As alluded to in "The Black Dossier", this story picks up in 1910, with the League consisting of old standbys Mina Murray (not yet a blonde), Allan Quatermain ("Junior"), Thomas Carnacki (from W. H. Hodgson's "The Casebook of Carnacki the Ghost Finder", originally serialized in "The Strand"), A. J. Raffles (another magazine serial character, created by Arthur Conan Doyle's brother-in-law, E. W. Hornung), and a male Orlando (Virginia Woolf's novel of the same name; a major figure in "The Black Dossier"). The reign of Edward VII has ended, and the inauguration of George V is impending, with the Great War that will bring to a definitive end this period in world history whispering on the horizon. Our crew is following Carnacki's premonitory dreams which involve the moon-child cult of Oliver Haddo (Aleister Crowley's "Moonchild") and the return to town of Jack MacHeath. Meanwhile, in a separate plot, Janni, the daughter of Captain Nemo, arrives in London hoping to escape her father's wish for her to succeed him.
Sexual perversion and violence against women has been a recurring theme in Moore's work (in his early classic, "Watchmen"), and repeatedly throughout the "League" books Moore seems to be depicting the nature of Victorian society (he did something similar in "From Hell", which also featured Jack the Ripper, though in a very different light to how he's shown here). Moore has taken some criticism for his use of rape as a plot device in the past, so those critics will find more to criticize here, as the poor Janni, violated by some wharfside scum, summons her father's men to wreak deadly vengeance on the waterfront before assuming her father's identity as Nemo. It's certainly not an act portrayed lightly, of course (and never was in his work), but as a plot element it can perhaps get a bit tiresome. Moore has already done many stories about how, as he ends here, human civilization runs on "monstrous deeds".
From a narrative perspective, this story repeats some of the problems I had with earlier iterations of this group: the main characters don't do or accomplish much in the course of the story, there's little character development (only, really, in Janni's case, and that's a fairly standard story that Moore doesn't add anything new to here), or any of the things that make Moore's best work special. The most notable feature is probably Moore's extensive use of written music, as both MacHeath and a seaside madame named Suki spend more or less all their screentime 'singing' (which comes across to the reader as rhymed narration or monologues).

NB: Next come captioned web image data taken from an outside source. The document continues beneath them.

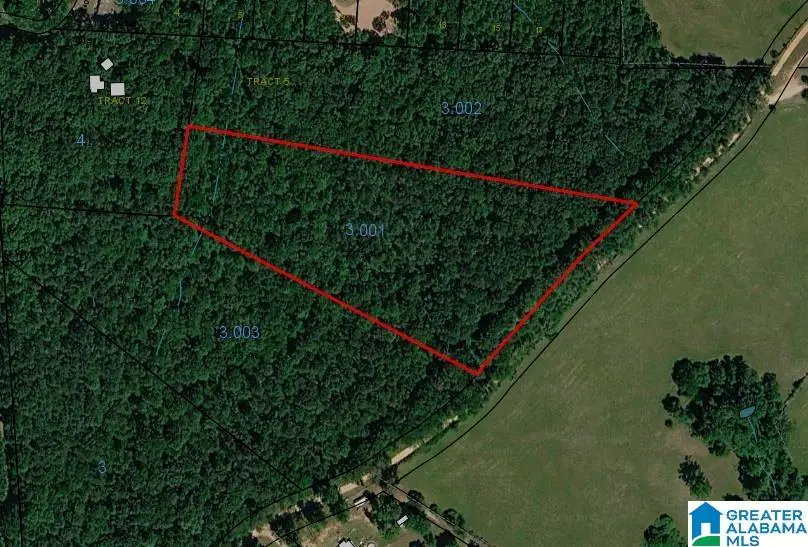 0 SHILOH CHURCH ROAD, Delta, AL 36258 - #2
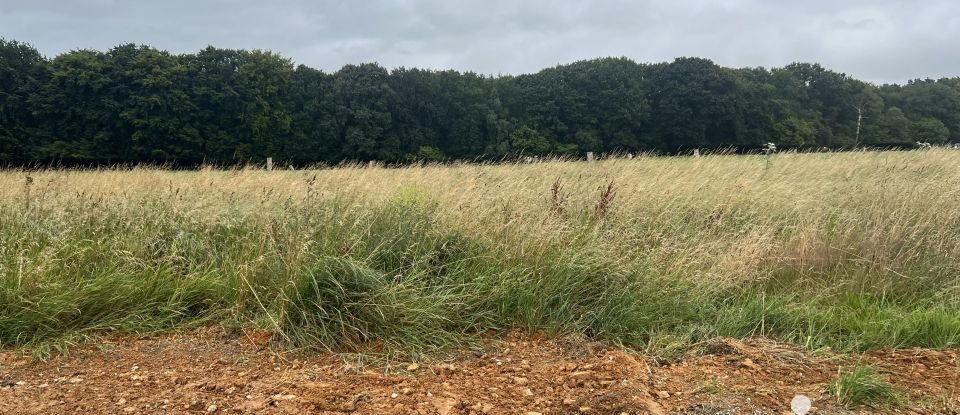 Terrain de 1 000 m² à Gruchet-le-Valasse (76210)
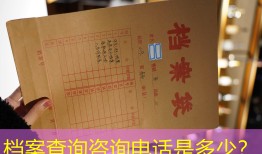 档案查询咨询电话是多少？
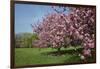 Flowering Fruit Trees in May, Morton Arboretum, Lisle, Illinois, USA-Lynn M^ Stone-Framed Photographic Print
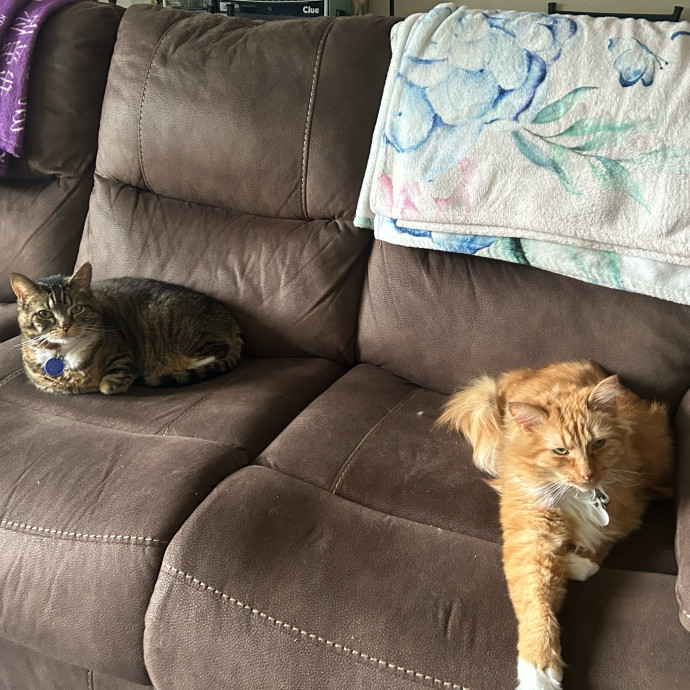 Pawsitively Alaina Your Trusted Cat Concierge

This is a unique use of the comic book format that I'm not sure would really work in a visual medium, given the time that passes between panels of the song. As with Moore's "From Hell", there's a great deal of criticism of Britain's class structure here, and the hypocrisy of the upper class of this era. Kevin O'Neill's art is customarily good.
This is probably the best whole installment of the "League" franchise since the original volume in 1999. All the same, I cannot escape the feeling that there are more interesting things Moore could be doing with his time.